Based on the characteristics of the multi-driven pathway, it is recommended to establish an institutional and organizational collaborative framework. On one hand, an adaptive use-oriented teacher evaluation system should be developed, incorporating innovative applications of digital technology into assessment indicators. This system should include evaluation criteria covering the breadth of tool usage, depth of teaching integration, and dimensions of innovative practice, linked to professional promotion and performance reward mechanisms. On the other hand, regional digital education resource sharing platforms should be established to provide certified high-quality tool resources and serve as support hubs for teacher case exchange and professional development, thereby forming a virtuous cycle of evaluation, resources, and development.
Conclusions
This study systematically reveals the transformation mechanism of teachers’ digital competence into adaptive use by constructing a multiple-chain mediation model that includes educational contextual norms, digital tool structure, and perceived usefulness. The research identifies three typical transformation pathways: the intrinsically driven pathway highlights the core role of internal motivation, the extrinsically driven pathway emphasizes the crucial influence of the external environment, and the multi-driven pathway demonstrates the chain reaction characteristics of multiple elements. Empirical results indicate that teachers, influenced by peer and authoritative recommendations, are more inclined to adopt digital tools with well-designed structures and high-quality resources. This process enhances their recognition of the tools’ pedagogical value and the perceived usefulness of the technology, ultimately promoting exploration and innovation in teaching practice.

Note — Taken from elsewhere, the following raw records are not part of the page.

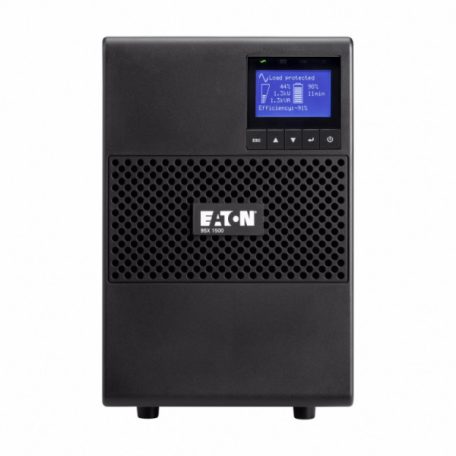 Eaton 9SX1500I 9SX sorozatú szünetmentes tápegység; torony kivitel; 1500 VA; 1350 W; USB csatlakozó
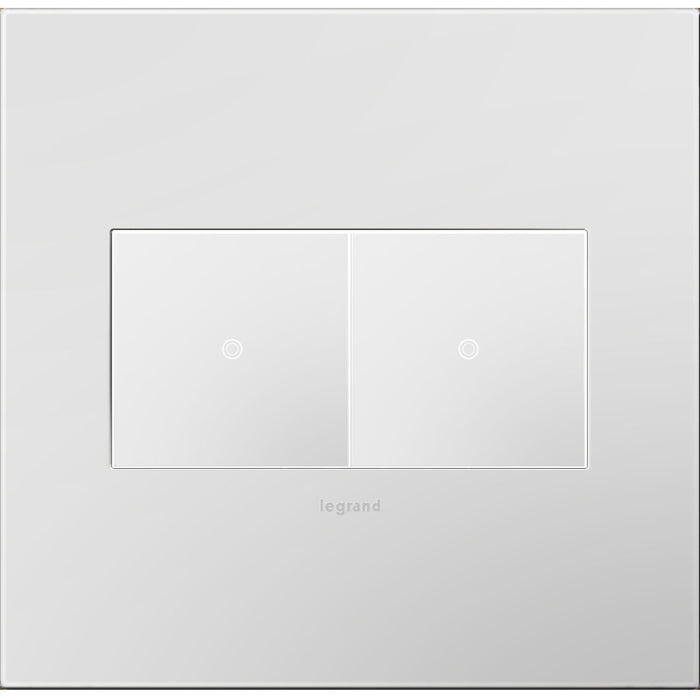 Legrand - AWP2GPW4 - Gang Wall Plate - Adorne - Powder White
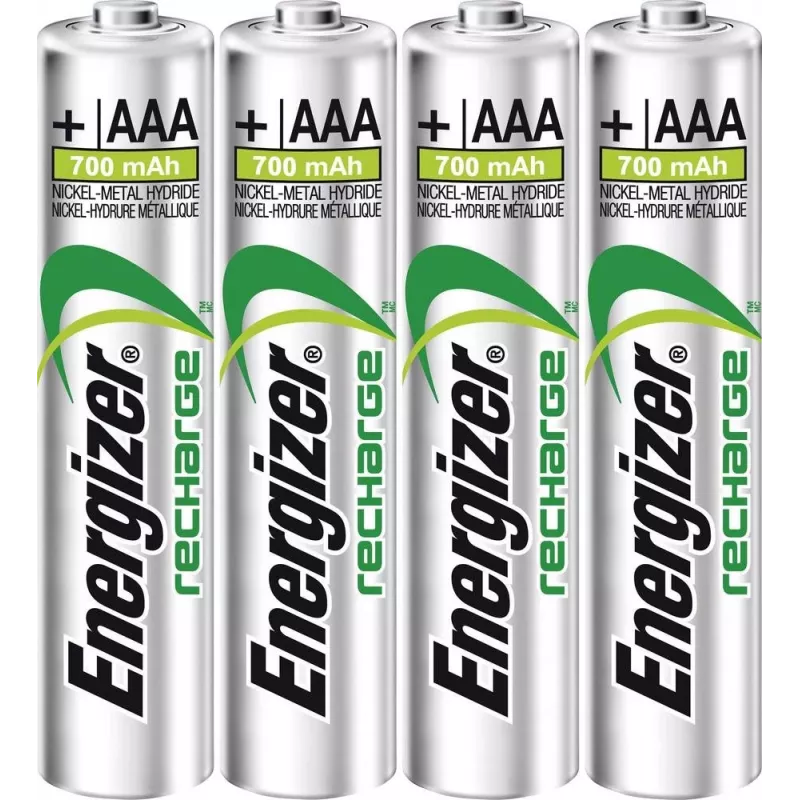 ENERGIZER akumuliatorius Accu Recharge Power Plus 700 mAh AAA HR3/4 pakartotinai įkraunamas, 4 vnt.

This study extends traditional technology acceptance models by demonstrating that educational contextual norms function as mediating variables activated through teachers’ digital competence. These findings suggest that effective digital transformation in schools requires developing comprehensive support systems-including tool recommendation mechanisms, professional learning communities, and institutional incentives-to create environments where technological integration can flourish. However, this study has several limitations that should be acknowledged. First, as the research sample was primarily drawn from China, the cross-cultural generalizability of the findings requires further verification. Second, the cross-sectional research design presents challenges in fully elucidating the dynamic causal relationships among variables. Additionally, the measurement of digital tool structure relied mainly on teachers’ subjective perceptions; future research could benefit from incorporating objective technical indicators to enable more comprehensive evaluation.
Footnotes
Funding
The authors disclosed receipt of the following financial support for the research, authorship, and/or publication of this article: This study was supported by the National Natural Science Foundation of China [grant number 62277020, 62307018], the Industry-University Cooperation and Collaborative Education Program of the Ministry of Education of China [grant number 241202377042256], and the Fundamental Research Funds for the Central Universities [grant number CCNU25JCPT024].
Declaration of Conflicting Interests
The authors declared no potential conflicts of interest with respect to the research, authorship, and/or publication of this article.
Data Availability Statement
Data will be made available on reasonable request.